Because we're all humourless, cruel scandinavians.


No, really.


----------



## Lacedaemonian (Jun 26, 2004)

Maybe it was a shat game after all.


----------



## Brian G Turner (Jun 26, 2004)

Hey, my favourite game would probably be Panzer General - the Playstation version. It's absolute naff by todays standards, but I have never played any other game as often or for so long. 

 Which reminds me, the sequel - allied General - is also so old and naff that's it's legally freely available on the internet.
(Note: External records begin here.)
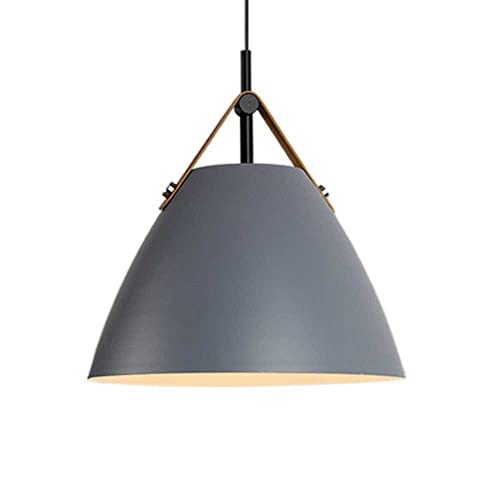 Lampe Macaron E27 lustre suspendu moderne en métal luminaire de salon et chambre
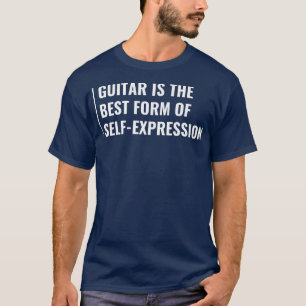 GuitarForm of Self Epression  T-Shirt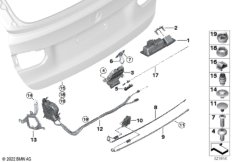 Багажная дверь/система запирания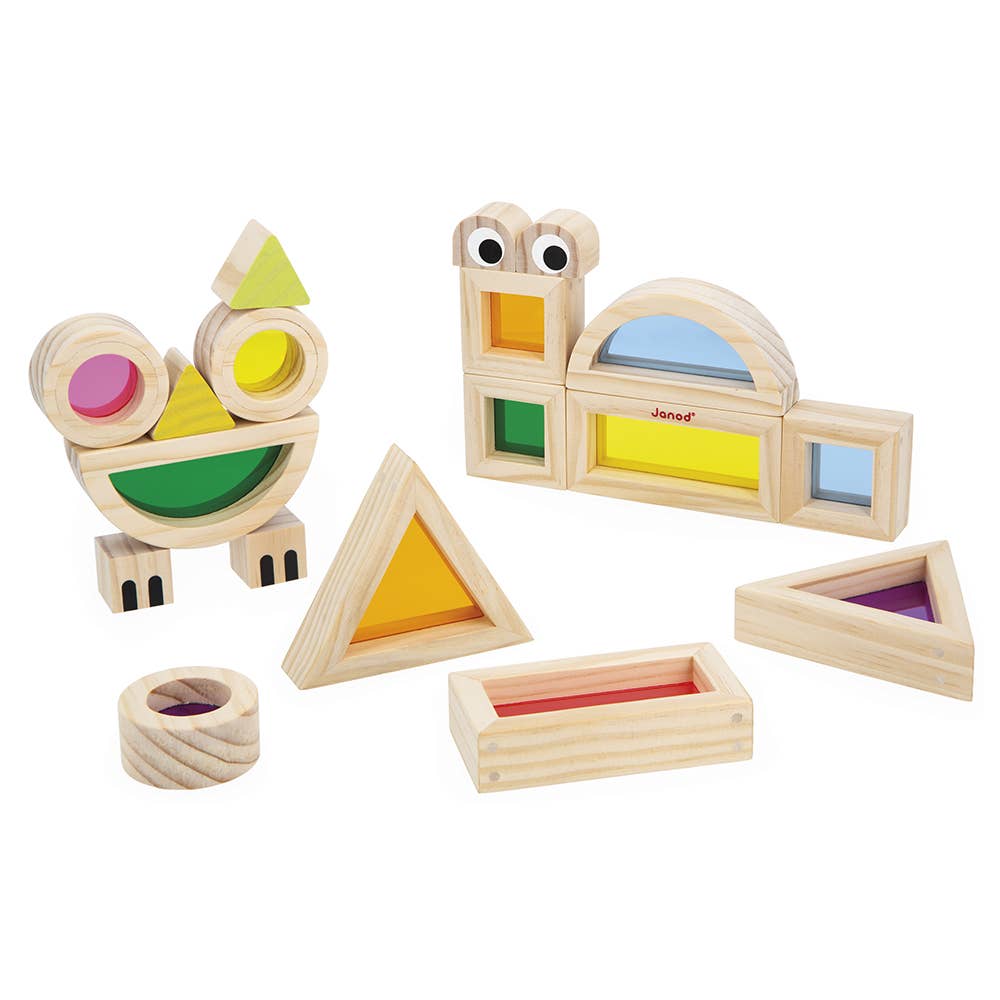 Sensory Translucent Stacking Blocks by Janod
Hm...time to play the Russians again, methinks.


----------



## dwndrgn (Jun 27, 2004)

Is it based on the book?  I just got that book and am planning on reading it as soon as I get through Neal Stephenson's Confusion.


----------



## Morning Star (Jun 28, 2004)

Lacedaemonian said:
			
		

> It is always great when a thread gets a nil response. I thought some of you nerds would have played this game. Didn't all nerds own Amigas?


Trust a hope! I played it, damn hard and damn gory. Just the way I like them.


----------



## Lacedaemonian (Jun 28, 2004)

A friend from the shadow at last!  Did your game crash too Morning Star?  Ah for those amiga days.  Wings and The Settlers were also great Amiga titles.


----------



## Morning Star (Jun 28, 2004)

Sorry matey...thats were the comradarie gets a bit short...I never owned an amiga, I played the pc version, though if its any consolation...I could never get my moves right and my valiant warrior became known as Sir Headgetscutoffonhisfirstdayouteverytime.


----------



## Lacedaemonian (Jun 28, 2004)

Shame, apparently the PC version did not play as good.  I am utterly stunned that none of you SF/Fantasy creeps owned Amigas.  I misjudged the whole stereotype.


----------



## Brian G Turner (Jun 29, 2004)

I was a computer desert between selling my Spectrum 48k, and then getting  my Mum's old 486.


----------



## G-borg (Jun 30, 2004)

Of course I owned an Amiga and yes! Moonstone was cooooool.
It is actually the only game I can remember well from the Amiga oh! and Jumping Jackson 
I still have chats with my other nerd friends how great the days were when we played moonstone all night long and didn't get any sleep  
My little brother has an old dusty Amiga somewhere. Now I'm getting all nostalgic...


----------



## Lacedaemonian (Jun 30, 2004)

You could always emulate an Amiga and every game ever made for it in the time it would take you to get your brother's from the loft and set it up.  Check out Wings, Cannonfodder, Chaos Engine, The Settlers and Speedball....


----------



## G-borg (Jul 7, 2004)

Yes, but think of the the loading time, the joysticks, the tv screen, the floppy's etc.
It just wouldn't be the same


----------



## Lacedaemonian (Jul 7, 2004)

Yeah, you are absolutely right.  Did you ever play Wings?  I still play this game every now and then, and it must rate as one of the all time greats.  Apparently you can get it for the Gameboy Advance in the USA, I am still waiting for it to come to the UK.


----------



## kingpez (May 10, 2006)

Mate....moonstone was top class, i loved it as a kid. in fact i was trying to find it to download when i stumbled onto this forum....had to reply.


----------